Assignment 4 – Finding the Beginning

Chris Mallory

Anne of Green Gables by L. M. Montgomery

The conflict in this story is Anne vs. the Avonlea citizen’s attitudes. Anne Shirley is an orphan searching for a home, a place to belong.

In the first chapter, Mrs. Rachel Lynde, the town busy body, sees Mathew Cuthbert, dressed in his Sunday best, driving the buggy down the road one afternoon when he should have been out sowing turnip seed. She hurries over to Green Gables to ask his sister where he is going and why. Upon finding out that Mathew and Marilla have decided to adopt an orphan boy to help with the farm work, she is very much opposed to the idea. Mrs. Rachel tells Marilla horror stories about adopted orphans, and one in particular about a girl that poisoned the well and killed the whole family. But, as Marilla replied, they were going to get a boy, not a girl. This chapter lets the reader know exactly what the conflict will be; any orphan introduced into this community would probably not be welcomed immediately and would be viewed with suspicion. People in Avonlea didn’t take children out of orphan asylums – it just wasn’t done. In the next chapter, the reader finds out (if they couldn’t tell from the title!) that Mathew and Marilla’s orphan is a girl, not the boy they expected – and that, of course, will add to the conflict, too.
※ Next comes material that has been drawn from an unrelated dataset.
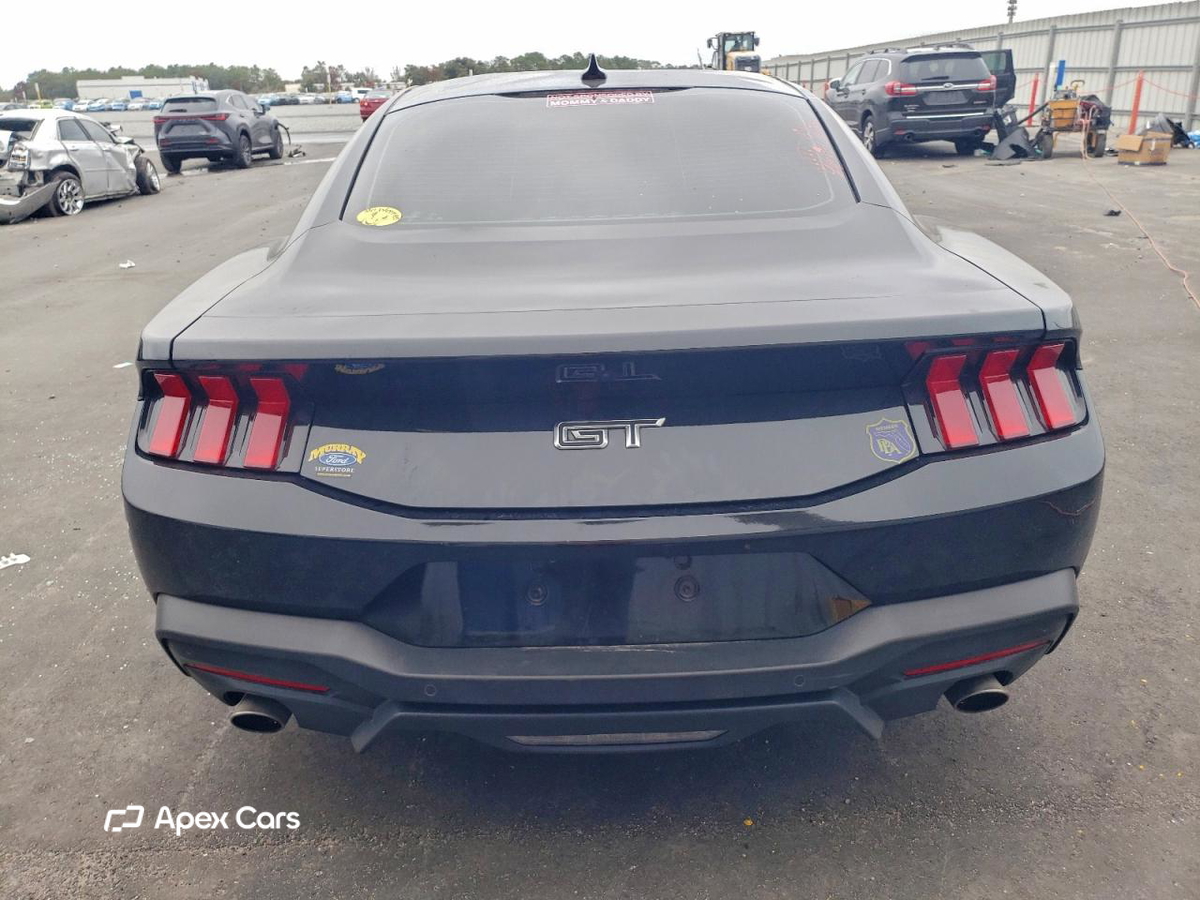 Ford Mustang 2024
When Mathew meets Anne in chapter two, he discovers that not only is she not a boy, but that she has an Imagination – not necessarily a good thing for a girl living in a small farming community at that time. He also finds out that she wants a home more than anything, and he hasn’t the heart to tell her that there’s been a mistake. So he takes her home to Marilla and they decide to keep her. Anne tries to conform to Avonlea society, but her Imagination causes her to get into various scrapes throughout the book and in the end it’s what the people of Avonlea love most about her – her fresh way of seeing the world. If Anne’s imagination had been more conventional for her time and place, if, for example, she made particularly beautiful quilts or absolutely wonderful strawberry-rhubarb preserves, there would have been less conflict and not much of a story; I doubt the book would still be popular after all these years.